CSV Diff
CSV Diff Toolkit
Compare two versions of a CSV at the row and cell level. Specify a key column that
uniquely identifies a record (id, email, or similar), drop in
the old and new files, and receive an added / removed / changed breakdown with cell-level
highlighting. More useful than plain diff for tabular data, which flags
reordered rows as different and can't point at the specific cell that changed — a
typical application is sanity-checking a data migration before cutover.
Before you start
You need:
- Two CSVs — the "old" (left) and "new" (right) version of the same dataset. They should share a header row and, ideally, share most columns.
- A key column (or composite of columns) that uniquely identifies a record in both files. Usually an
id,sku,email, or similar. Without a key, the tool falls back to row-text compare — see below.
The two files don't have to have the same columns or the same row order. The diff matches rows by key, then compares cells of the matched rows.
How to use it
- Paste or drop your old CSV into the left pane.
- Paste or drop your new CSV into the right pane.
- Type the Key column(s) — one name (
id) or comma-separated for a composite key (country, sku). - Click Compare.
- Review the result below the panes. Colour legend:
- green — row exists only in the new file (added).
- red — row exists only in the old file (removed).
- yellow — row exists in both, but at least one cell differs. The specific differing cells are highlighted.
- Click Download diff for a CSV with a
change_typecolumn.
Key-column vs. row-text diff
Leave the key field empty and the tool falls back to comparing entire row strings as a set — useful when a file has no stable ID, but weaker because a single-cell change looks like a delete + add, and you lose the cell-level highlight.
Use a key whenever possible.
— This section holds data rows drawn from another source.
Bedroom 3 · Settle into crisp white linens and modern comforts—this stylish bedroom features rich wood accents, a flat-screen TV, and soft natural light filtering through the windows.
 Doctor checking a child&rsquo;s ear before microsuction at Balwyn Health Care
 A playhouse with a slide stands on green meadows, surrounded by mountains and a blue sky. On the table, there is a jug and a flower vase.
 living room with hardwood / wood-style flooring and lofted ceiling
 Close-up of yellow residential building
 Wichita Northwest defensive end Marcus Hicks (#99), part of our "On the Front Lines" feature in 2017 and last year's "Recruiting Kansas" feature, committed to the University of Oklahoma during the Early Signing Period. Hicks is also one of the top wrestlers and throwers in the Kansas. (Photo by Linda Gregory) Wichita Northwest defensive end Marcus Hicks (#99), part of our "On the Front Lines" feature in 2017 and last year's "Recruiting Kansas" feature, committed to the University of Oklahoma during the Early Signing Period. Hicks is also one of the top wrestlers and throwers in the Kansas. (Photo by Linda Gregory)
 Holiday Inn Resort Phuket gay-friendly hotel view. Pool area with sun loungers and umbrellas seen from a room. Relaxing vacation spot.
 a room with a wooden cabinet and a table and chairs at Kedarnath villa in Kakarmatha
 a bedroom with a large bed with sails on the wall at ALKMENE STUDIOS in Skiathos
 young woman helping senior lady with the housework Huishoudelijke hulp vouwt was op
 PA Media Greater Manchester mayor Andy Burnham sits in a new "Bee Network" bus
If no column is unique on its own, combine two or three into a composite key; the result is almost always more useful.
What "changed" really means
- Comparison is string-exact.
"1.0"and"1"are different. Normalise types in the source if that's noise. - Only columns that exist in both files are compared for changes. A column added in the new file is reported as part of the "added" row context, not as a cell change for every existing row.
- If the same key appears more than once in one file, the extra copies are flagged so you can fix the source before trusting the diff.
Example
Old CSV:
id,name,city
1,Alice,Berlin
2,Bob,Paris
3,Carol,Rome
New CSV:
id,name,city
1,Alice,Berlin
2,Bob,Lyon
4,Dana,Madrid
Diff on id:
- id=1 — unchanged.
- id=2 — changed:
cityParis → Lyon. - id=3 — removed.
- id=4 — added.
Tips & common pitfalls
- Trim noisy columns first. Timestamps and "last updated" columns change on every row and drown out real diffs. Strip them or add them to a separate compare.
- Sort both files by key before download if you plan to eyeball the diff output — the tool itself doesn't need sorted input, but a sorted CSV is much easier to review.
- Big + wide files are slow because every matched row builds a string key and a per-column comparison. If you hit a wall, cut the file by column or by row with Split CSV first.
- Reordered columns are invisible to the diff — the tool lines up columns by name, not by position. If a column was renamed, it looks like "old column removed, new column added".
- Watch out for whitespace: trailing spaces in one file make the cell look "changed" even when it isn't. If the source has that problem, run the file through Dedupe CSV with trim first, or preprocess with a script.
Troubleshooting
Every row shows up as changed.
Most likely the files have different line endings or an encoding mismatch, or the key column has a subtle difference (BOM, trailing space). Open both files in a plain editor and compare the first row byte-for-byte.
Rows I expect to match are flagged as "added + removed".
Your key isn't actually unique, or its values don't match exactly across files. Try a composite key or normalise the key column first (trim, lowercase).
The tool says "duplicate key" but I only have one row with that id.
Check for whitespace or invisible characters in the key cell. Two rows with keys "42" and "42 " collide after trimming.
Frequently asked questions
Why not just use diff?
Command-line diff does byte-level line comparison. It gets confused by reordered rows or different line endings, and it can't tell you which cell changed in a row. This tool understands keys and cells.
Can I diff on a composite key?
Yes. Enter comma-separated column names, e.g. country, sku. Rows match when the full tuple matches.
Is my data uploaded?
No. Both files stay in your browser. See the privacy policy.
Can I export only the changed rows?
Yes — Download diff exports all rows with a change_type column (added / removed / changed / unchanged). Filter that column in any spreadsheet or with awk.